The entries below hold a line with "CSNK1E / CK1 Epsilon Antibody" and a line with "Location buttocks and". Return those lines and all that lie between them, exactly and only.
>>>>>
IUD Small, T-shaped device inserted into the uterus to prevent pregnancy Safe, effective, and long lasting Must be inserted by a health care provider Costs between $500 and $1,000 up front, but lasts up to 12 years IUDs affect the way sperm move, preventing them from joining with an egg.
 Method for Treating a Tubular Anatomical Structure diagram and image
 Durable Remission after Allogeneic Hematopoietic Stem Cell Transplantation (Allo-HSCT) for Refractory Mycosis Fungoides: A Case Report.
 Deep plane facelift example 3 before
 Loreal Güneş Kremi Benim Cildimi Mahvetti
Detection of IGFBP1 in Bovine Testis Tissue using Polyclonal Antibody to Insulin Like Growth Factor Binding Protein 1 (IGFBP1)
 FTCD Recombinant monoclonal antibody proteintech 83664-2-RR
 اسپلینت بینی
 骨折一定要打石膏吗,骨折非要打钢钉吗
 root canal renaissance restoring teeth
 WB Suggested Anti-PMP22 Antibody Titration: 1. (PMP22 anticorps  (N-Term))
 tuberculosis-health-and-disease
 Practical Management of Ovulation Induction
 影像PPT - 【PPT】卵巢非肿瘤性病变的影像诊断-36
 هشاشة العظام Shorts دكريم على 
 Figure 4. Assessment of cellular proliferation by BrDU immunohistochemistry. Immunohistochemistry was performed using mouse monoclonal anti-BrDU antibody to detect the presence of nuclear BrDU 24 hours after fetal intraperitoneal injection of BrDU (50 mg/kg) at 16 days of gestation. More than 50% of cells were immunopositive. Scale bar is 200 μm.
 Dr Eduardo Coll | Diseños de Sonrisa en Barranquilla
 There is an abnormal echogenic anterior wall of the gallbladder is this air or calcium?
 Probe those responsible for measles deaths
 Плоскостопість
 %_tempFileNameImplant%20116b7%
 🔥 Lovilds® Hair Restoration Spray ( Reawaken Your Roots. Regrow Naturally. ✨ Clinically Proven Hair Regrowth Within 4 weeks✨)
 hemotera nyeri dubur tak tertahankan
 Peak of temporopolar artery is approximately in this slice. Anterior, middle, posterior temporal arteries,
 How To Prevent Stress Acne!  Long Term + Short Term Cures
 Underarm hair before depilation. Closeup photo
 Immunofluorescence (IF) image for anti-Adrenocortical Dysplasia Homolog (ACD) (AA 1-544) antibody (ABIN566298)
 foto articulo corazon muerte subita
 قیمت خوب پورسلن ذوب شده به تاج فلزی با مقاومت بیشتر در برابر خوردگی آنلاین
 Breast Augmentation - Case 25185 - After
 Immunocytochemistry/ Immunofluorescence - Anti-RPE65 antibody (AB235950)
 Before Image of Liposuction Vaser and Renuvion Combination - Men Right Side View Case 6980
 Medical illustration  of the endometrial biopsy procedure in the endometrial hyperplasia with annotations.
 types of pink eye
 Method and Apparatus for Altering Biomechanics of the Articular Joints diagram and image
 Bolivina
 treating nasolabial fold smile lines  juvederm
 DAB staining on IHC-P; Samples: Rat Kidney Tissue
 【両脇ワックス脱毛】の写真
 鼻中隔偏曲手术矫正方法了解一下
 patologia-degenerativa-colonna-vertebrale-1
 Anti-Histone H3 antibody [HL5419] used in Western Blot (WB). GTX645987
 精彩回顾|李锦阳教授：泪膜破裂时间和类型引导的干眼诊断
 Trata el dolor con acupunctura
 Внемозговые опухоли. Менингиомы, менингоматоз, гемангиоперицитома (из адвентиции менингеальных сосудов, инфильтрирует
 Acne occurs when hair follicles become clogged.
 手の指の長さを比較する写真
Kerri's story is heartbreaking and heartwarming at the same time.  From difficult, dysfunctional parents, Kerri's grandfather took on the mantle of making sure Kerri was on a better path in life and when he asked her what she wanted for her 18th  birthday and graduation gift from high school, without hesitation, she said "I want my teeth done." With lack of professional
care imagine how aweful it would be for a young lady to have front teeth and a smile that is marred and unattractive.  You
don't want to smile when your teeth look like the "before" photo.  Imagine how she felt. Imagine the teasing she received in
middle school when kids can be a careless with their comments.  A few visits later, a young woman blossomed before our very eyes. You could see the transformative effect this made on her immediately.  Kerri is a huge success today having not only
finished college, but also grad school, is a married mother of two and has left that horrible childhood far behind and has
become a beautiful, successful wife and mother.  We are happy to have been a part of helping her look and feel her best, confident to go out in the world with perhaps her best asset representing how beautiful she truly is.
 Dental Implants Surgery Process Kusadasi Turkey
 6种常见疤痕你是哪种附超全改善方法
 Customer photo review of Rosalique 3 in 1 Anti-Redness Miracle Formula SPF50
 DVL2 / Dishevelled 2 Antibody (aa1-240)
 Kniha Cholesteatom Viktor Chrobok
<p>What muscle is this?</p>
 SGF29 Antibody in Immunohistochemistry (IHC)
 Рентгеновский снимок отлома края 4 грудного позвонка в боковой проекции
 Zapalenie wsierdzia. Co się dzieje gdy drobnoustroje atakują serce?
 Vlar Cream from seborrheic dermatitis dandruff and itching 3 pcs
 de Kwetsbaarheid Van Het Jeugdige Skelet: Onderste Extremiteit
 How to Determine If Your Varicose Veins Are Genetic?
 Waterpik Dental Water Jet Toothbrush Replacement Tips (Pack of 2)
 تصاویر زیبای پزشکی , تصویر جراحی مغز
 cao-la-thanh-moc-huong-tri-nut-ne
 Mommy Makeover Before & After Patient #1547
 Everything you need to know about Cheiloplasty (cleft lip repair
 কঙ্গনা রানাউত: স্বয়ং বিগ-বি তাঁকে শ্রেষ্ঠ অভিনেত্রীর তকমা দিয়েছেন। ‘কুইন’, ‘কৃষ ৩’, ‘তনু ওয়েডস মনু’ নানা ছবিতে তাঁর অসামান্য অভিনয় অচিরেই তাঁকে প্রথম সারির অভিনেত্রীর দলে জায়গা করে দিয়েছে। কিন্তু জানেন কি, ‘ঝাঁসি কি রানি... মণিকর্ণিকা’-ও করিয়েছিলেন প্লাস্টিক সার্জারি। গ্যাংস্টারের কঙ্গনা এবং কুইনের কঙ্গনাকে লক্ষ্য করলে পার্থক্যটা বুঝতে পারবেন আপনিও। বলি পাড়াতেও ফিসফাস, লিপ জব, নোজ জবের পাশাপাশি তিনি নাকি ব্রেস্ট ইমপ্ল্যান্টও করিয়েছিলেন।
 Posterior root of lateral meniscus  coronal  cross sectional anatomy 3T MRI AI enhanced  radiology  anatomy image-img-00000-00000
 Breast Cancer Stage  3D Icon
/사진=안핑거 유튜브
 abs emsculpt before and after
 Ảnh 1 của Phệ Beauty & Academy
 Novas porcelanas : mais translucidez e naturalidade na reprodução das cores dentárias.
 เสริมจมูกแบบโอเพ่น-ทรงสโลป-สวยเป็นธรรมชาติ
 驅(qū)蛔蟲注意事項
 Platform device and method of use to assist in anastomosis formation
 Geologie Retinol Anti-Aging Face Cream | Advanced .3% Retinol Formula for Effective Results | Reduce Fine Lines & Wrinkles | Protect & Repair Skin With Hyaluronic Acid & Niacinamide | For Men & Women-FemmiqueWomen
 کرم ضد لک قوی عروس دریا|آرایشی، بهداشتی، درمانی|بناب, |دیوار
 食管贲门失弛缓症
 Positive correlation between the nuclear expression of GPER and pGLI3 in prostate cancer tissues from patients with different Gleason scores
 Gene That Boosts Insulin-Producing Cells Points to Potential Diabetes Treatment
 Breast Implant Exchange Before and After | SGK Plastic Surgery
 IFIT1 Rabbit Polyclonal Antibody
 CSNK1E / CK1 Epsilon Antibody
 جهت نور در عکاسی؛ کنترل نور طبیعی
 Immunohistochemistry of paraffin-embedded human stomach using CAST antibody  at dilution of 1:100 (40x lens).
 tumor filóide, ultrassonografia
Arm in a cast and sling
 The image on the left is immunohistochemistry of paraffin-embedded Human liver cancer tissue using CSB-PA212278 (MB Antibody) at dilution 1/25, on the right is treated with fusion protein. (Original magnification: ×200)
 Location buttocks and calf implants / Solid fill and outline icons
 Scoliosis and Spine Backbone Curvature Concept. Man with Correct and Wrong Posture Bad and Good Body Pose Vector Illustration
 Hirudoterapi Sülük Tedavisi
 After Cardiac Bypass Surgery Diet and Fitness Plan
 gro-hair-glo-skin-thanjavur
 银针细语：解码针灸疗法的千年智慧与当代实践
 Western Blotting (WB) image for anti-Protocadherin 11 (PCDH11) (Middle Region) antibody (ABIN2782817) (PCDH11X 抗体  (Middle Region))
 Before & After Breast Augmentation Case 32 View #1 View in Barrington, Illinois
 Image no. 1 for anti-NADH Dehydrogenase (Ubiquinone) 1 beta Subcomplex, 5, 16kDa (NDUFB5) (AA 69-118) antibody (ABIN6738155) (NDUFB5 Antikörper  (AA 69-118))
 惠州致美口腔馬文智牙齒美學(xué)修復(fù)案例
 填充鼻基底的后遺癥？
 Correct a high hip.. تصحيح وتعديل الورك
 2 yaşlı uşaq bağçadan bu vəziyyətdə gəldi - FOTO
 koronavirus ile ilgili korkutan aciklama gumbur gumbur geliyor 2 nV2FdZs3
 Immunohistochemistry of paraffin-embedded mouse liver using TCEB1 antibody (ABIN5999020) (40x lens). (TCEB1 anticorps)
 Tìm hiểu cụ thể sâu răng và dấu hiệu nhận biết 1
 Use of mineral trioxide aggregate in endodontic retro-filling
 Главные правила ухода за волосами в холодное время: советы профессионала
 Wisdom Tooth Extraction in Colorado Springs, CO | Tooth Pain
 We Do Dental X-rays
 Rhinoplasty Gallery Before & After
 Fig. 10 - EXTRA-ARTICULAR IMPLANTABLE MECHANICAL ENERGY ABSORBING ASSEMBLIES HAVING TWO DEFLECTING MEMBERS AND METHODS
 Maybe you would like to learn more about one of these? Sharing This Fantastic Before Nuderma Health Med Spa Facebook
<<<<<
• EXERCISE ANSWER:
 CSNK1E / CK1 Epsilon Antibody
 جهت نور در عکاسی؛ کنترل نور طبیعی
 Immunohistochemistry of paraffin-embedded human stomach using CAST antibody  at dilution of 1:100 (40x lens).
 tumor filóide, ultrassonografia
Arm in a cast and sling
 The image on the left is immunohistochemistry of paraffin-embedded Human liver cancer tissue using CSB-PA212278 (MB Antibody) at dilution 1/25, on the right is treated with fusion protein. (Original magnification: ×200)
 Location buttocks and calf implants / Solid fill and outline icons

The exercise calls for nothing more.